Very interesting article. SSRN (H/T Legal Theory Blog)
Professor Richard Primus of Michigan considers BHO and JGR’s flubber of the Constitutional Oath as a means to justify why departures from the text of the Constitution are permitted, and thus why the District of Columbia should be entitled to representation in Congress.
And from the paper:
- Constitutional expectations are intuitions about how the system is supposed to work. They arise from a combination of experience, socialization, and principle. Obviously, Americans do not all share a single, precisely defined set of expectations. Indeed, conflicts among rival sets of expectations help to account for many disagreements about constitutional law. Over a relatively broad domain, however, informed Americans share expectations about the rules of government. Those expectations are often closely related to the constitutional text, but the text does not always capture them precisely. On the contrary, our shared expectations go well beyond the strict textual requirements of the Constitution.
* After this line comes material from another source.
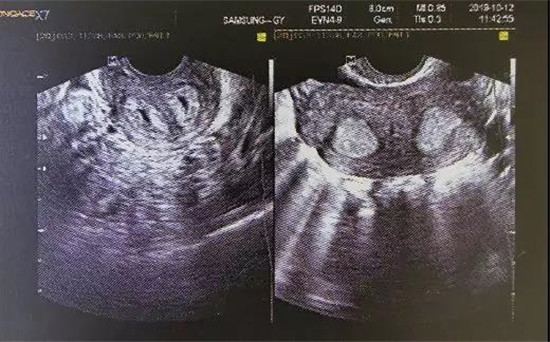 雅安恒博妇产医院技术好吗,雅安市恒博医院妇产科好不好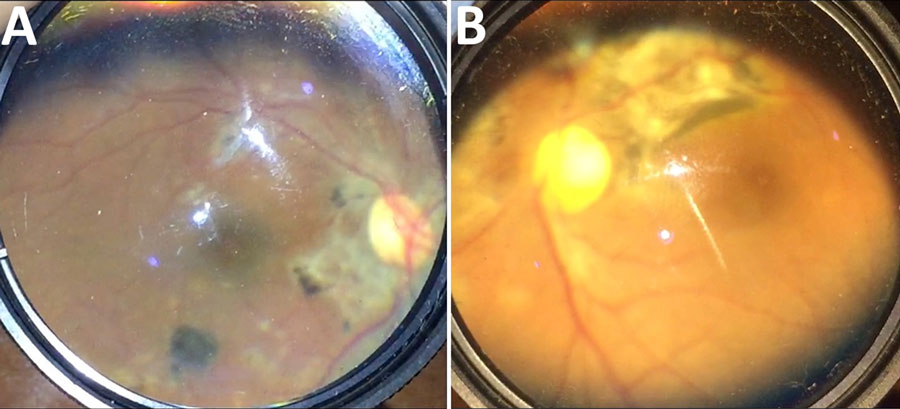 Posterior and fundus photographs showing the spectrum of ophthalmic sequelae associated with EVD in survivors, Sierra Leone. A) Posterior segment photograph of an EVD survivor shows peripapillary chorioretinal scarring and variable pigmentary changes indicative of multifocal choroiditis. B) Fundus photograph of another survivor shows dense chorioretinal scarring along the superotemporal arcade and nasal to the nerve, consistent with inactive posterior uveitis. EVD, Ebola virus disease.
- The argument that the Act is unconstitutional has a reasonable basis. Article I, Section 2 says that the House of Representatives “shall be composed of Members chosen every year by the people of the several States.”29 The District of Columbia is not a state. Accordingly, the constitutional objection runs, admitting D.C. to the House would ignore the written requirements of Section 2. And that cannot possibly be acceptable.30 Yet this argument is not as tight as it seems, because our system for electing Members of Congress already—and uncontroversially—deviates from Section 2 on a regular basis. If we were more aware of those deviations, the argument that Section 2 requires excluding D.C. might have less weight. But like the practice of inserting the President’s name in the inaugural oath, our accustomed departures from the text of Section 2 have become well integrated into our constitutional expectations. We tend not to notice them.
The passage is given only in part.